When you, when you push it in there.

Trying to figure out how many grounds are in there or how, you know, how deep the grounds are or something our hardware people haven’t gotten that one yet.

Okay, so we’re, we’re not going to be able to sense that very well.

>> It sounds a little bit like trying to count jelly beans in a jar or something.

But anyways the other use cases I have involve remember moving or placing the pot because we have an indicator for that.

>> Right, right. >> So it’s something that stood out.

And then also when you fill the water receptacle.

We have an indicator whether the water is there or not.

So that seemed to be a, an interaction that had something the user could see.

>> So let’s consider four of those.

The user press, press pushes the brew button, and that’s our primary one.

And then some contingent ones containment vessel is not ready.

The coffee is all gone or we could have that the, the brewing is actually complete.

15 - Brew Button Quiz

So notice that in this approach we don’t have a class model.

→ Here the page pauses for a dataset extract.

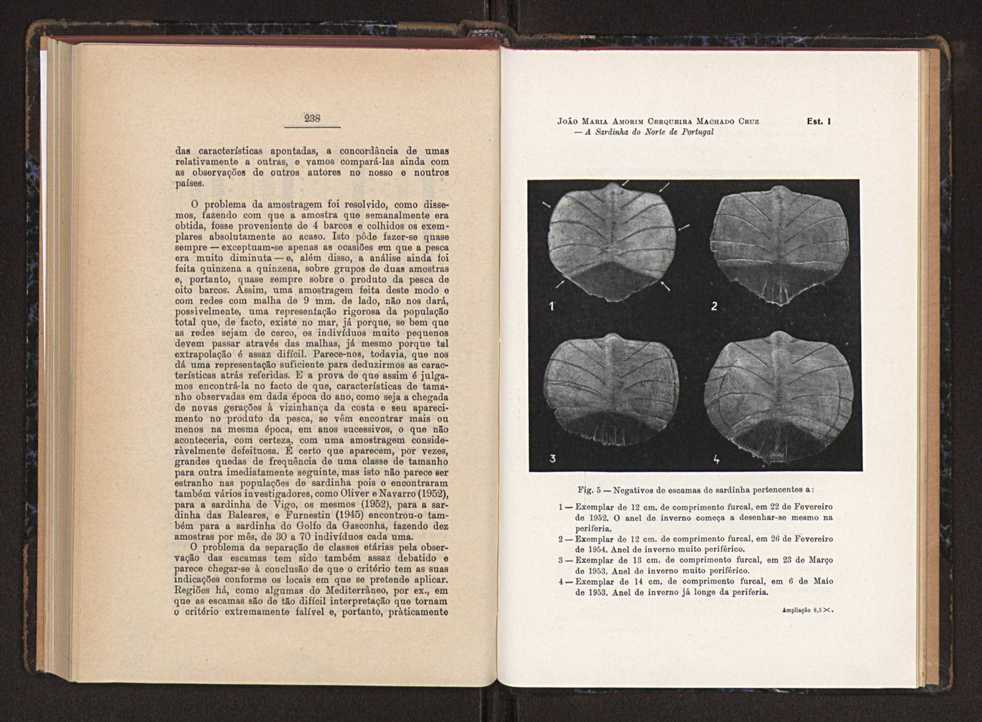Anais da Faculdade de Scincias do Porto (antigos Annaes Scientificos da Academia Polytecnica do Porto). Vol. 37 125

We just started with the use cases.

And we’re going to actually derive the class model from looking at the use cases.

So let’s look at the first use case, user presses the brew button and play through what happens.

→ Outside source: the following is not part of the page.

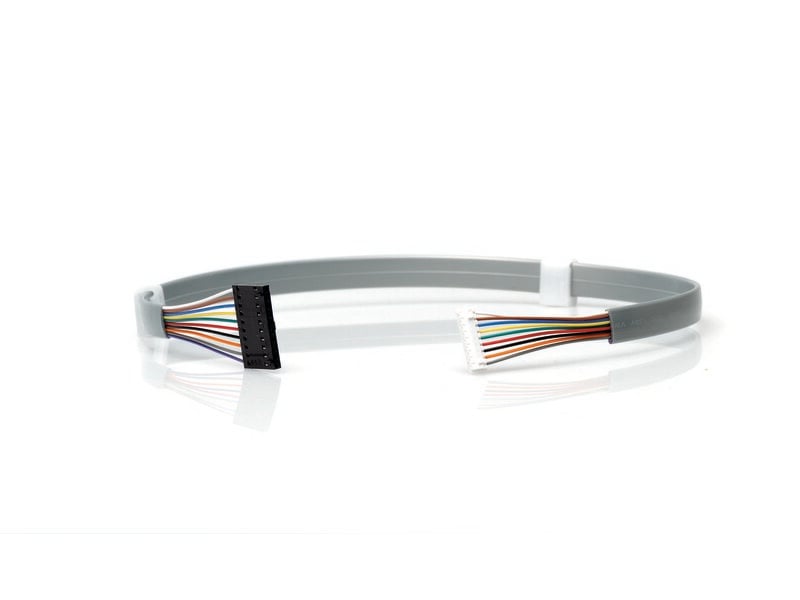 Resusci Anne Simulator/Advanced SkillTrainer Head, Cable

First off, which of the three classes, which of these three classes receives this event from the hardware interface?

Check the, check the one that applies.

16 - Brew Button Quiz Solution

>> Sure, that’s about as easy as you can get on these quizzes.

Okay, so that’s indicating that we’d better have a class for our user interface that’s going to be able to detect this user event.

17 - Brew Button

>> So then after the user presses the button and the user interface detects it what’s the, what’s the next thing that you expect would happen?

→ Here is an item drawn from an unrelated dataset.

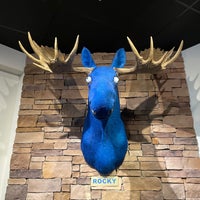 Foto scattata a Blue Moose da Dan V. il 9/10/2023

>> So I think that the next things that are hap, going to happen are going to be all of our checks to start the brew process.

So we’re- >> Make, makes sense.

>> Mm-hm. Check if the water’s there, check if our receptacles in place.

>> Okay, so there’s, there’s two primary checks.

Do we have, you know, have we loaded up the water, and then, do we have a, a coffee pot to hold the results of, you know, the coffee after we’ve brewed it.

So those are two checks.

Is does it matter which one we do first?

>> I don’t think so.

Not necessarily.

>> Okay. >> Just as long as they’re all held.

>> And so, I, I don’t see either.

And so, we’re not going to be concerned about that.

At that point things are ready.

We can, we can start the boiler to produce some hot water.

18 - Collaboration Diagram 1

So Martin then does is express these steps using a UML collaboration diagram.

We called that a collaboration diagram.

Was like an object diagram.

But the lines between the objects indicated our operations.

And the lines were numbered indicating the order of the operations.

So in this case, we had the steps of user interface getting, getting the request from the user with the brew button, and then asking the hot water source for whether it’s ready.

And then asking if the containment vessel whether it’s ready, and then starting the hot water source heating up the water.

So there’s three steps labeled one, two, and three here.

And we can see that there’s, there ought to be at least three classes supported to deal with those three possibilities.

>> Is it possible here for this diagram to be more descriptive?

In the sense that, it seems like when you ask the ho, hot water source.

Is it ready or not?

If it says it is ready, then you might make the next check to see if the containment vessel’s ready.

But if it says no, it seems like a whole another steps set of steps may have to be taken to indicate to the user hey.

The water source, hot and ready to go.

>> Okay so remember that a use case, or a representation of a use case in a collaboration diagram or a sequence diagram is not contingent.

Okay, it’s, it’s one step by step walk through the system.

And what we’re going to have to do is to deal with contingencies which are obviously an important part of this whole process.

We’re going to have to have multiple diagrams.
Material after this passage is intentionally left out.